SUPERVISORY RESPONSIBILITY
This position has no supervisory responsibilities.
WORK ENVIRONMENT
This job operates in a professional office environment. This role routinely uses standard office equipment such as computers, phones, photocopiers, filing cabinets and fax machines. This role occasionally must lift and carry the office equipment. Occasional evening, night and weekend shifts are required.
Work Location
Due to state law and tax implications, remote work candidates must live and work in one of the following states: California, Texas, Washington, Florida, Tennessee, New York, or Colorado.
PHYSICAL/MENTAL DEMANDS
-
Physical - This is a sedentary role.
-
Mental - Problem solving, making decisions, interpreting data, organize, read/write.
-
Reasonable accommodation may be made to enable individuals with disabilities to perform the essential functions.
TRAVEL
Annual travel to the San Diego office headquarters is expected for this position.

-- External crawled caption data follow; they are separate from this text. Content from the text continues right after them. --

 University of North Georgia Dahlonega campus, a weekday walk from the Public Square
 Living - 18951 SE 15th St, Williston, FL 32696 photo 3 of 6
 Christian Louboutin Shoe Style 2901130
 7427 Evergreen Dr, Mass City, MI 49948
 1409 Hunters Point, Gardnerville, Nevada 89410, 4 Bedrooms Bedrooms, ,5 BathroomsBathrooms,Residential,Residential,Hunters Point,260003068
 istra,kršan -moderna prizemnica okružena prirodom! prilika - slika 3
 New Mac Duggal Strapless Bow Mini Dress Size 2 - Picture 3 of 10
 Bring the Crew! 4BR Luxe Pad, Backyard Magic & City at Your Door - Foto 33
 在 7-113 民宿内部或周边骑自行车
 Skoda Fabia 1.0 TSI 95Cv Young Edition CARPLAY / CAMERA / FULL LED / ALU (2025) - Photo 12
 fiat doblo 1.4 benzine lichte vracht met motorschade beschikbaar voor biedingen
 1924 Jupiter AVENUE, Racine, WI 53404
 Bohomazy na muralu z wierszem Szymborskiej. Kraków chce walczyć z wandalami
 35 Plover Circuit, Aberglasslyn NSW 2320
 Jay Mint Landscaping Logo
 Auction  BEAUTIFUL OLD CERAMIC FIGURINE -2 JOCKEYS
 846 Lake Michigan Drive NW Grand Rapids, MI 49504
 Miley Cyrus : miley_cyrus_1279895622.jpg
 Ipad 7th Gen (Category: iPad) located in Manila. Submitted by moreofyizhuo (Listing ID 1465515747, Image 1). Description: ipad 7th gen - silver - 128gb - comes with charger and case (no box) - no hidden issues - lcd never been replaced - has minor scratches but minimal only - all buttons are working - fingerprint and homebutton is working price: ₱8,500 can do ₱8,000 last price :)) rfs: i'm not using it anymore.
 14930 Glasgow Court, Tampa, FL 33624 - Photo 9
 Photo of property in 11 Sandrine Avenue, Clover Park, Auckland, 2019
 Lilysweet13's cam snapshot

Preferred Education And Experience
-
Bachelor's degree or equivalent experience.
-
7+ years of proven experience deploying and maintaining always-on data services.
-
2+ years building and maintaining Spark notebook-based pipelines in Microsoft Fabric.
-
2+ years of experience working with Microsoft Fabric
-
2+ years of experience working with Microsoft Azure
-
2+ years of experience with Delta Lake.
-
1+ years of experience with SQL Server.
Benefits
-
Paid Time Off, Paid Sick Leave, Paid Holidays
-
Competitive Medical, Dental, Vision, Short Term Disability, and Life Insurance
-
401(k) plan with discretionary match available
-
Flexible Spending Account (FSA), Health Savings Account (HSA)
-
Voluntary benefits including Critical Illness, Group Accident, and Voluntary Life
-
Employee Referral Program
-
Exposure to a growing ecommerce company
-
Discounts on the GOVX website
Salary Range
$120,000 - 140,000 Annually
AAP/EEO Statement
EOE. Veterans/Disabled. Reasonable accommodation may be made to enable individuals with disabilities to perform the essential functions.
Position will require successful completion of a background check and drug testing prior to starting employment.
About GOVX, Inc.
Savings for Those Who Serve
GOVX was founded in 2011 to offer exclusive benefits to those who serve our country. The GOVX membership is comprised of current and former members of the United States military, law enforcement, firefighting, medical services, and government personnel. We are dedicated to supporting these communities and to offering unique value to our members, while delivering an authentic platform for brands to reach our growing customer base. As the largest and fastest growing digital platform serving this deserving audience, we are committed to stretching the limits of ecommerce to deliver the best assortment for our members' on-duty and off-duty needs.